What this task involves - Would you please copy only the lines from the line that contains "Ryan Blaney wins" to the end of the data below, exactly, leaving every picture out?

Data shown -

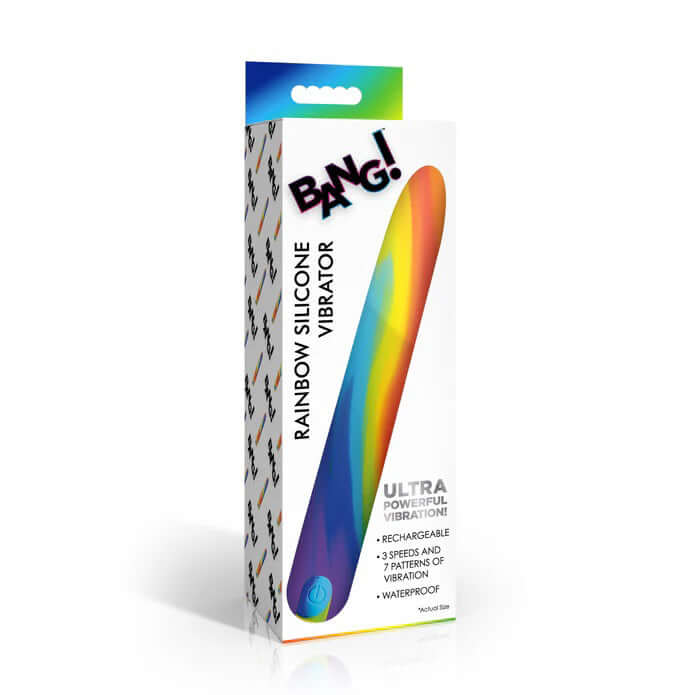 Rainbow Silicone Vibrator-2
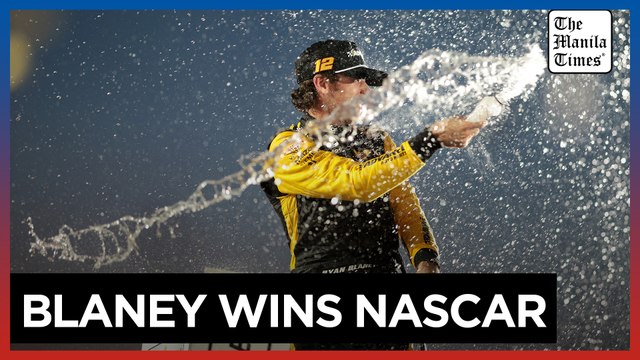 Ryan Blaney wins inaugural NASCAR Cup Series race at Iowa Speedway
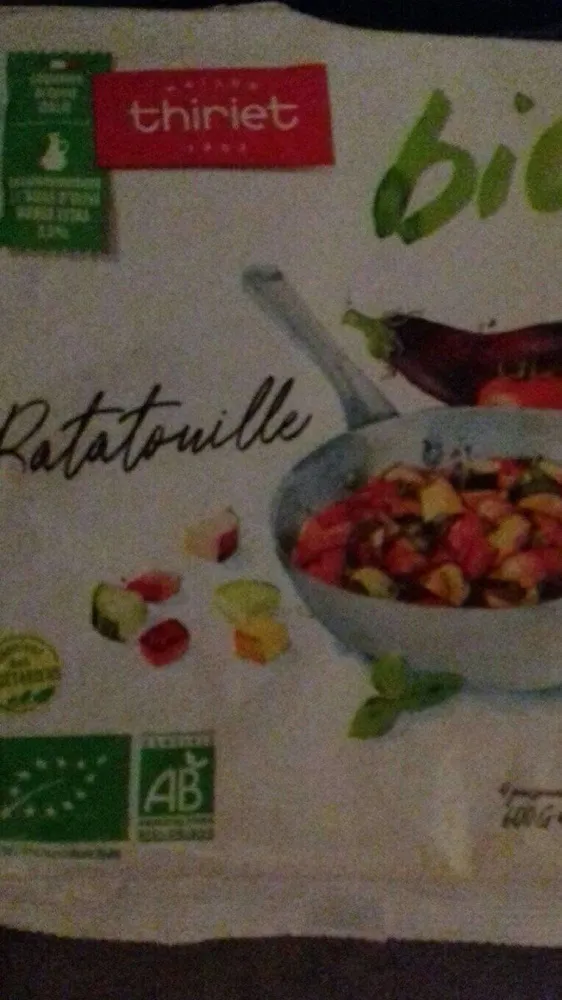 Ratatouille bio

Answer space -
 Ryan Blaney wins inaugural NASCAR Cup Series race at Iowa Speedway
 Ratatouille bio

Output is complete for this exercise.